(Task directions) A verbatim copy is needed of the lines below from the one containing "Used 2018 Dodge Charger GT image 31" up to and including the one containing "CPM Christ en croix", excluding pictures.

(Working data)
[Start of Attachment]
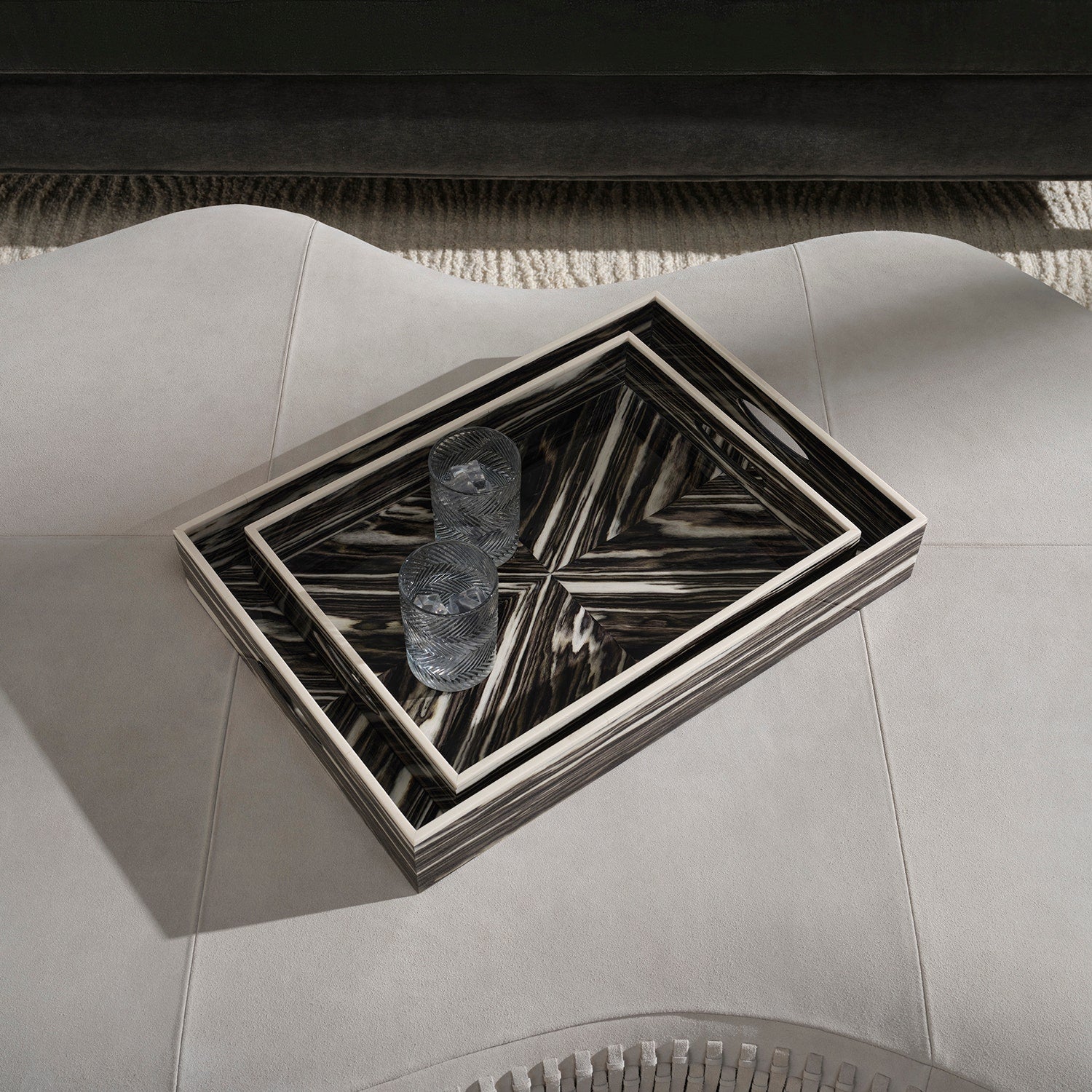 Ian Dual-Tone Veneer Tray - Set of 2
[End of Attachment]
[Start of Attachment]
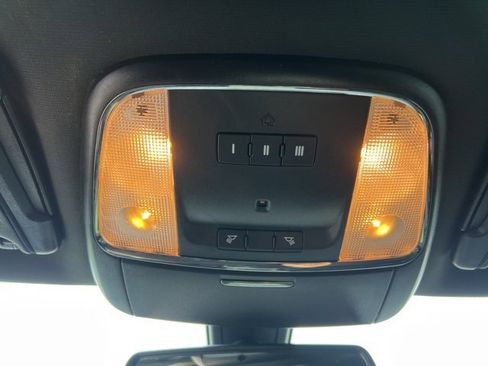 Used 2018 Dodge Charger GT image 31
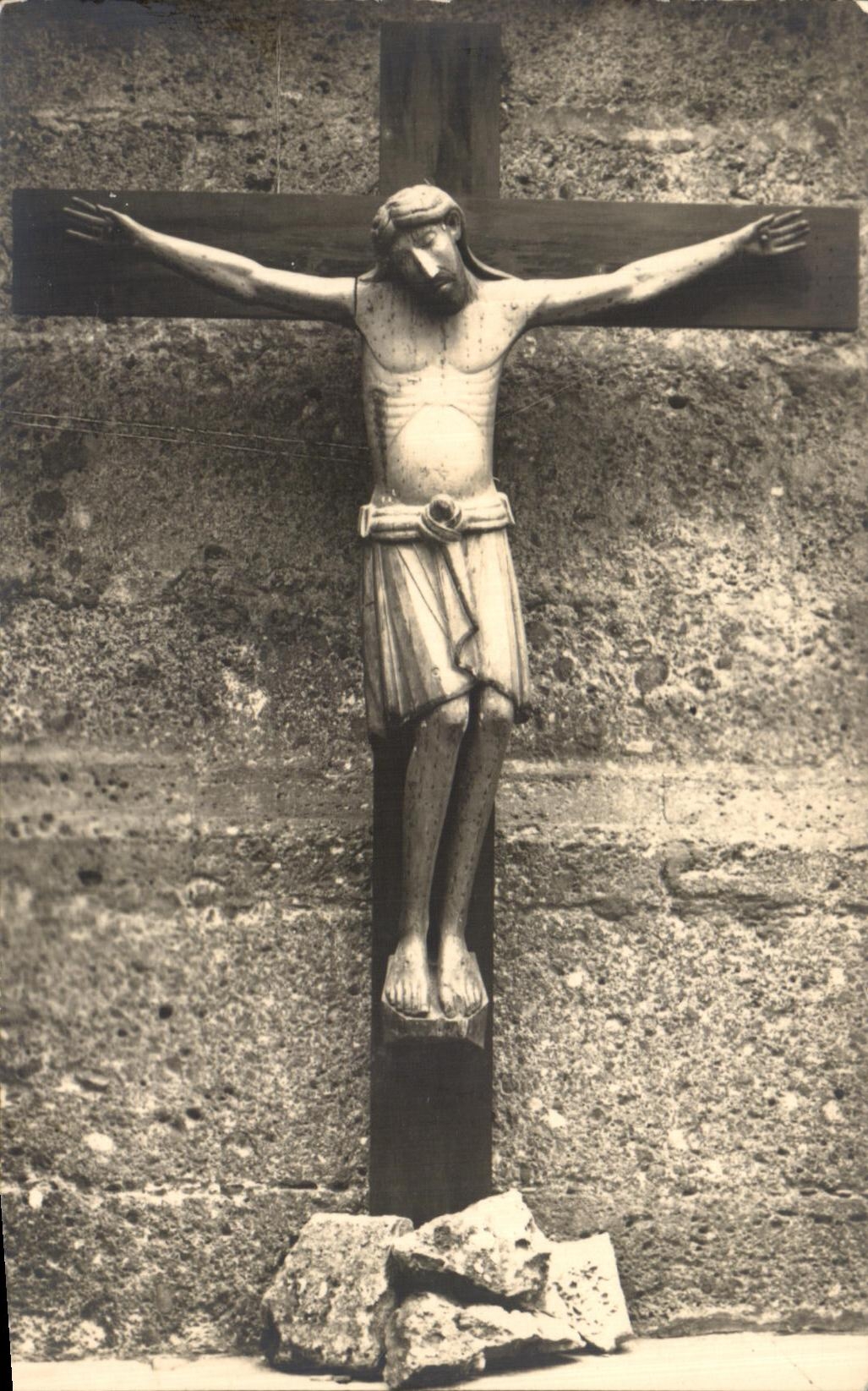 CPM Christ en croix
[End of Attachment]
(Exercise response)
 Used 2018 Dodge Charger GT image 31
 CPM Christ en croix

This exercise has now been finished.